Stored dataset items
# # # # # # #

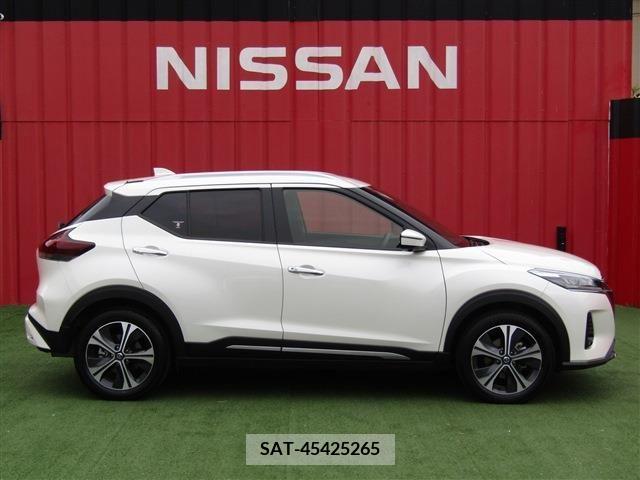 Nissan KICKS 2023-04 214212-24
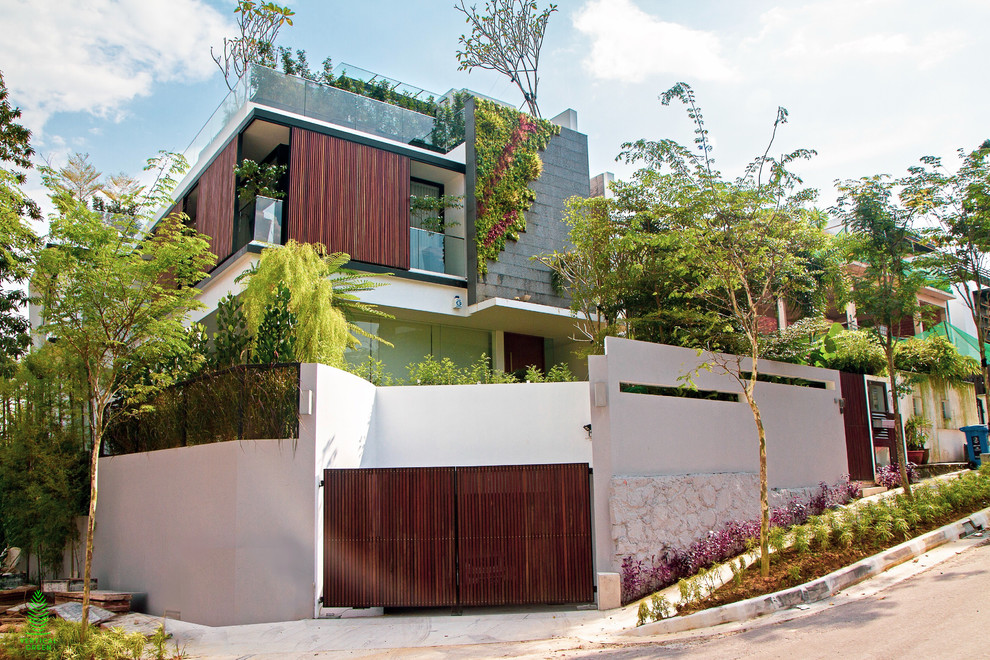 На фото: трехэтажный, серый частный загородный дом в современном стиле с плоской крышей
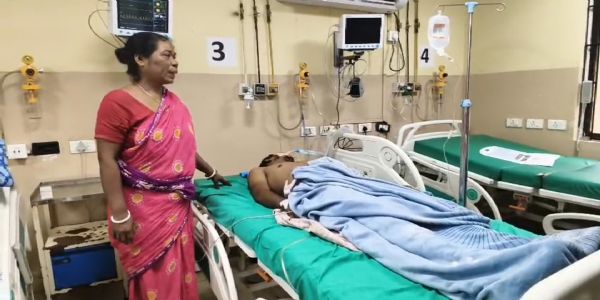 মত্ত অবস্থায় বাইক চালিয়ে ফিরতে গিয়ে বিপত্তি; বিদ্যুতের খুঁটিতে সজোরে ধাক্কা, গুরুতর আহত দুই বন্ধু
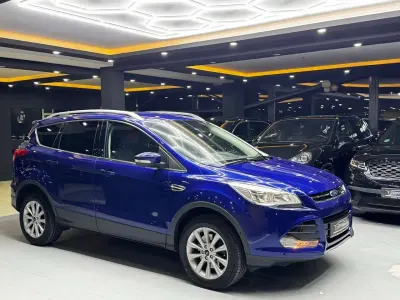 Gebraucht Ford Kuga Titanium 150 PS (110 kW) 2015 Blau SUV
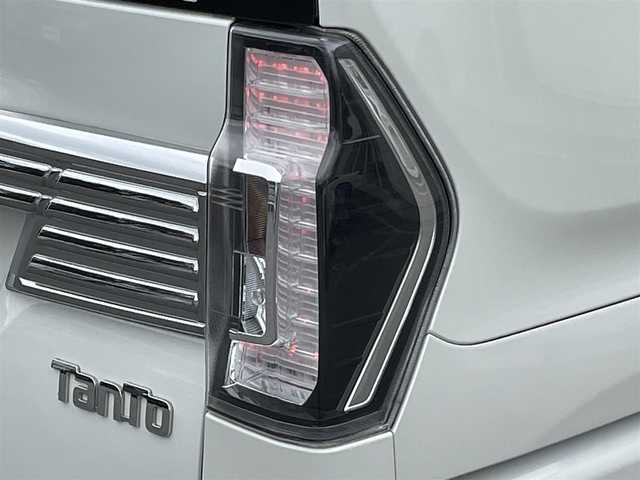 ダイハツ タント カスタム RS SA Ⅲ 岩手県 2017(平29)年 4.5万km パールホワイトⅢ 4WDターボ/ワンオーナー/社外９型ＳＤナビ/フルセグＴＶ/純正ＡＷ冬タイヤ積込/両側パワースライドドア/バックカメラ/コーナーセンサー/衝突軽減システム/オートハイビーム/フォグライト/ドラレコ/ＥＴＣ/シートヒーター/スペアキー/純正エンスタ/禁煙車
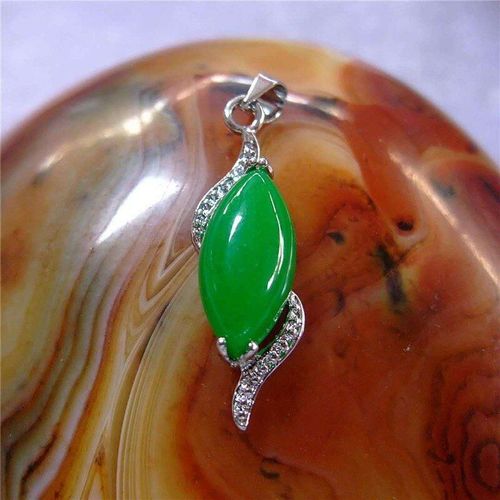 Pendentif En Jade Naturel Chinois Sculpté À La Main En Forme De Goutte, Bijoux À La Mode Pour Femmes, Collier Envoyé À Sa Mère Et Sa Petite Amie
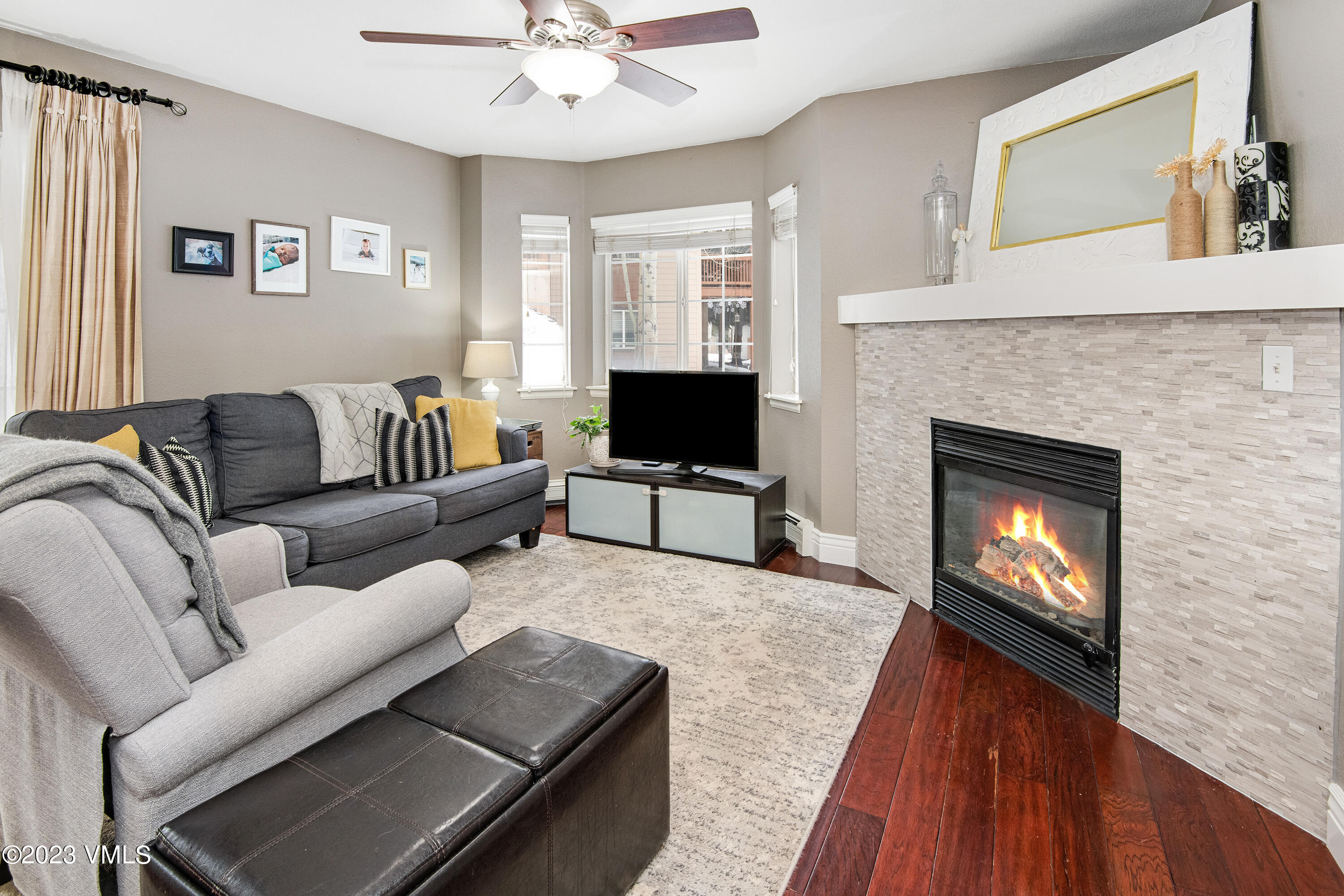 407 Crazy Horse Circle
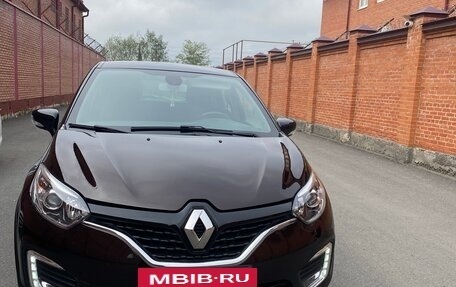 Renault Kaptur I рестайлинг, 2018 год, 1 600 000 рублей, 2 фотография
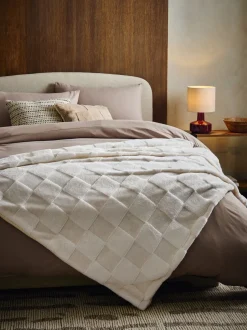 Kussentjes En Plaids|Kussentjes En Plaids|Next Jasper behaaglijke fleece omkeerbare bedloper met dambordmotief Ivoor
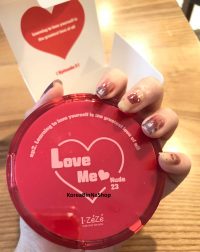 Phấn nước Cushion Izeze Lớp Nền Tự Nhiên Căng Bóng Izeze Love Me Cushion No.23 Nude 14g 아이제제 러브미 쿠션 23호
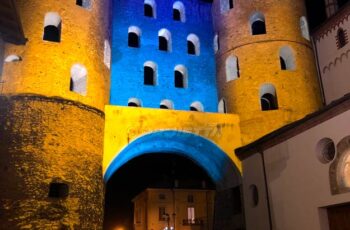 Suse : projections cartographiées sur la porte romaine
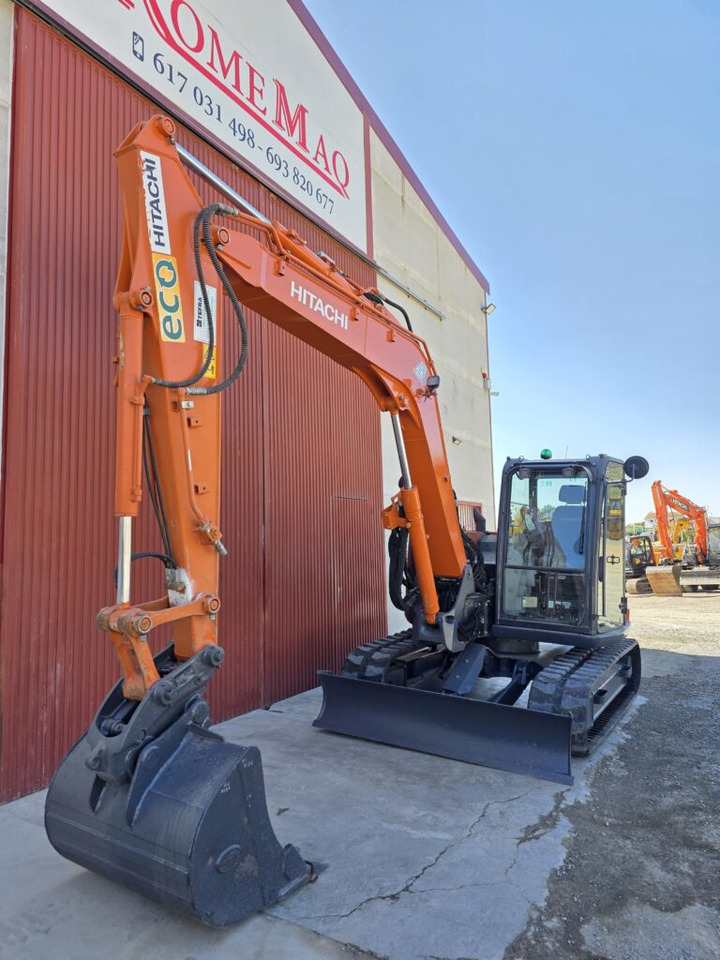HITACHI ZX85USB-6 - Міні-екскаватор: фото 2 HITACHI ZX85USB-6 - Міні-екскаватор: фото 2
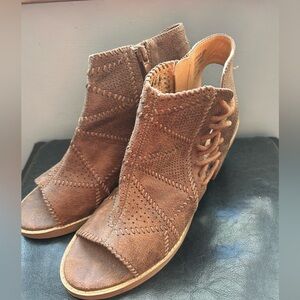 Ecletic Bohemian Not Rated Tan Open-Toe Block Heels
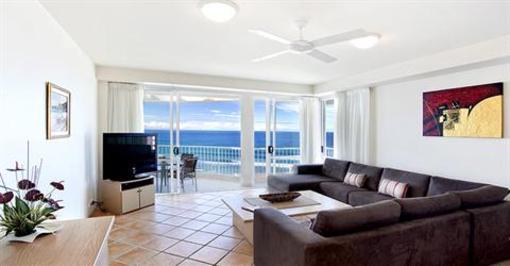 фото отеля La Mer Beachfront Apartments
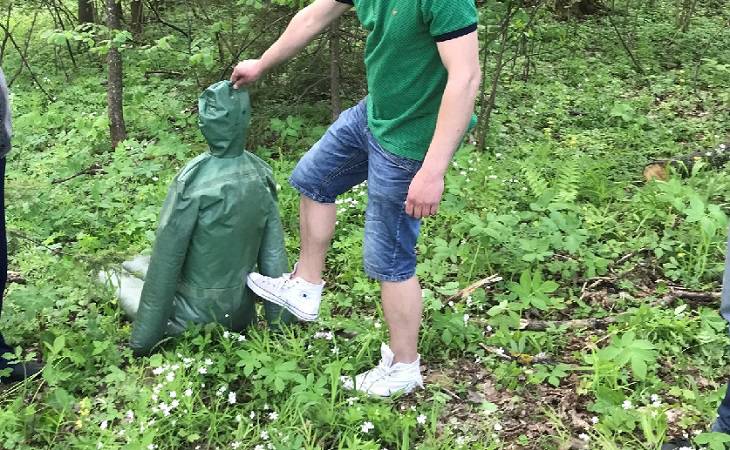 Похитили, вывезли в лес и избили из-за 200 долларов: СК завершил расследование дела о «выбивании» долга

# # # # # # #

What is expected: Please set down each entry word for word, without its images.

Output of the exercise:
 Nissan KICKS 2023-04 214212-24
 На фото: трехэтажный, серый частный загородный дом в современном стиле с плоской крышей
 মত্ত অবস্থায় বাইক চালিয়ে ফিরতে গিয়ে বিপত্তি; বিদ্যুতের খুঁটিতে সজোরে ধাক্কা, গুরুতর আহত দুই বন্ধু
 Gebraucht Ford Kuga Titanium 150 PS (110 kW) 2015 Blau SUV
 ダイハツ タント カスタム RS SA Ⅲ 岩手県 2017(平29)年 4.5万km パールホワイトⅢ 4WDターボ/ワンオーナー/社外９型ＳＤナビ/フルセグＴＶ/純正ＡＷ冬タイヤ積込/両側パワースライドドア/バックカメラ/コーナーセンサー/衝突軽減システム/オートハイビーム/フォグライト/ドラレコ/ＥＴＣ/シートヒーター/スペアキー/純正エンスタ/禁煙車
 Pendentif En Jade Naturel Chinois Sculpté À La Main En Forme De Goutte, Bijoux À La Mode Pour Femmes, Collier Envoyé À Sa Mère Et Sa Petite Amie
 407 Crazy Horse Circle
 Renault Kaptur I рестайлинг, 2018 год, 1 600 000 рублей, 2 фотография
 Kussentjes En Plaids|Kussentjes En Plaids|Next Jasper behaaglijke fleece omkeerbare bedloper met dambordmotief Ivoor
 Phấn nước Cushion Izeze Lớp Nền Tự Nhiên Căng Bóng Izeze Love Me Cushion No.23 Nude 14g 아이제제 러브미 쿠션 23호
 Suse : projections cartographiées sur la porte romaine
HITACHI ZX85USB-6 - Міні-екскаватор: фото 2 HITACHI ZX85USB-6 - Міні-екскаватор: фото 2
 Ecletic Bohemian Not Rated Tan Open-Toe Block Heels
 фото отеля La Mer Beachfront Apartments
 Похитили, вывезли в лес и избили из-за 200 долларов: СК завершил расследование дела о «выбивании» долга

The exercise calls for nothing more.